====== Source material ======
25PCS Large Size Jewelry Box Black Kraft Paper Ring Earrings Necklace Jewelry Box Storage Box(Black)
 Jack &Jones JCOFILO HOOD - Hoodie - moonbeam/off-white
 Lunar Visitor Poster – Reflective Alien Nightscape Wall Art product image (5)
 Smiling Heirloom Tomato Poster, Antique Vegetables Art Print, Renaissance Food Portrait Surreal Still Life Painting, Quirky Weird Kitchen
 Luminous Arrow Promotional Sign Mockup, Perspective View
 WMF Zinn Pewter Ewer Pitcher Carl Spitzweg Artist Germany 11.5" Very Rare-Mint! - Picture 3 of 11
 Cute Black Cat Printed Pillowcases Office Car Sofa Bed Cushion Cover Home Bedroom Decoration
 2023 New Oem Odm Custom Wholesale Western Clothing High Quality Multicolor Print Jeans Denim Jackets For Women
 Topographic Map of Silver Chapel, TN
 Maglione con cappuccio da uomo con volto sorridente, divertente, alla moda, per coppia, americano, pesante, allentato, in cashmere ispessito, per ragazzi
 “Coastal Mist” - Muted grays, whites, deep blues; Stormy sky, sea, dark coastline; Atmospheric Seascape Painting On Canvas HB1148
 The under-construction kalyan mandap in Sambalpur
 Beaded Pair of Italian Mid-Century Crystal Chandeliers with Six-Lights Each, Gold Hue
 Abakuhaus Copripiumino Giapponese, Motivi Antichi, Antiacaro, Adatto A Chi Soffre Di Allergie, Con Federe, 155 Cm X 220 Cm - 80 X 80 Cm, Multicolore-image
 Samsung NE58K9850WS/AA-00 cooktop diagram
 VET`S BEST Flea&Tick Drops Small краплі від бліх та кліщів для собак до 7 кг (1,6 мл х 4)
======
• **Task prompt**
Write out exactly the final stretch of the records: the line containing "Beaded Pair of" and every line after it, through the last, and nothing else.

• **Answer below**
 Beaded Pair of Italian Mid-Century Crystal Chandeliers with Six-Lights Each, Gold Hue
 Abakuhaus Copripiumino Giapponese, Motivi Antichi, Antiacaro, Adatto A Chi Soffre Di Allergie, Con Federe, 155 Cm X 220 Cm - 80 X 80 Cm, Multicolore-image
 Samsung NE58K9850WS/AA-00 cooktop diagram
 VET`S BEST Flea&Tick Drops Small краплі від бліх та кліщів для собак до 7 кг (1,6 мл х 4)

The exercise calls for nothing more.